Havia também as fantasias recorrentes. Em um dos episódios mais graves, entrou no trem de pouso de um avião no aeroporto de João Pessoa, tentando viajar clandestinamente para a África, onde dizia que seria domador de leões. O voo atrasou porque a companhia aérea precisou retirá-lo do compartimento. Ele repetia que seria aceito pelos felinos, que lá encontraria um lugar onde não fosse rejeitado e que os animais o compreenderiam melhor do que qualquer pessoa.

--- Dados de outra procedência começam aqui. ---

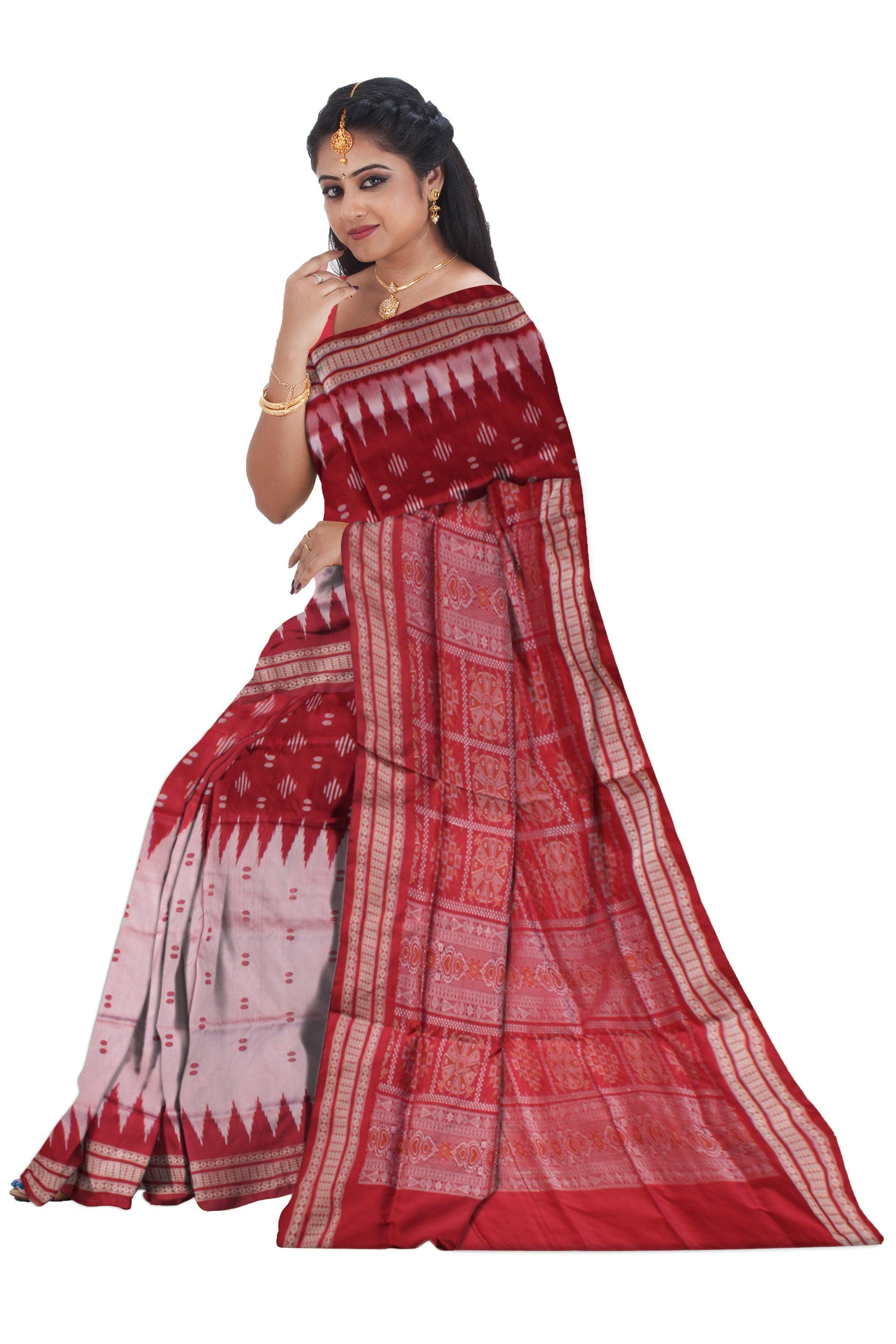 IKAT PATTERN PATA SAREE IS RED AND SILVER COLOR BASE, ATTACHED WITH MATCHING BLOUSE PIECE. - Koshali Arts & Crafts Enterprise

Dois dias antes de morrer, Gerson procurou o Conselho Tutelar pedindo seus documentos para tirar carteira de trabalho. Queria um emprego. O comportamento alternava momentos de lucidez com falas completamente desconexas. O prontuário dele no Conselho tem quase duzentas páginas e registra sucessivas tentativas de acolhimento, todas interrompidas pela instabilidade, pela esquizofrenia sem tratamento adequado e pela precariedade das redes de proteção.
A avó materna, também com diagnóstico de esquizofrenia, chegou a acolhê-lo em alguns períodos, mas nunca teve condições reais de garantir estabilidade. A estrutura familiar inteira estava quebrada, e o Estado não conseguiu suprir as lacunas.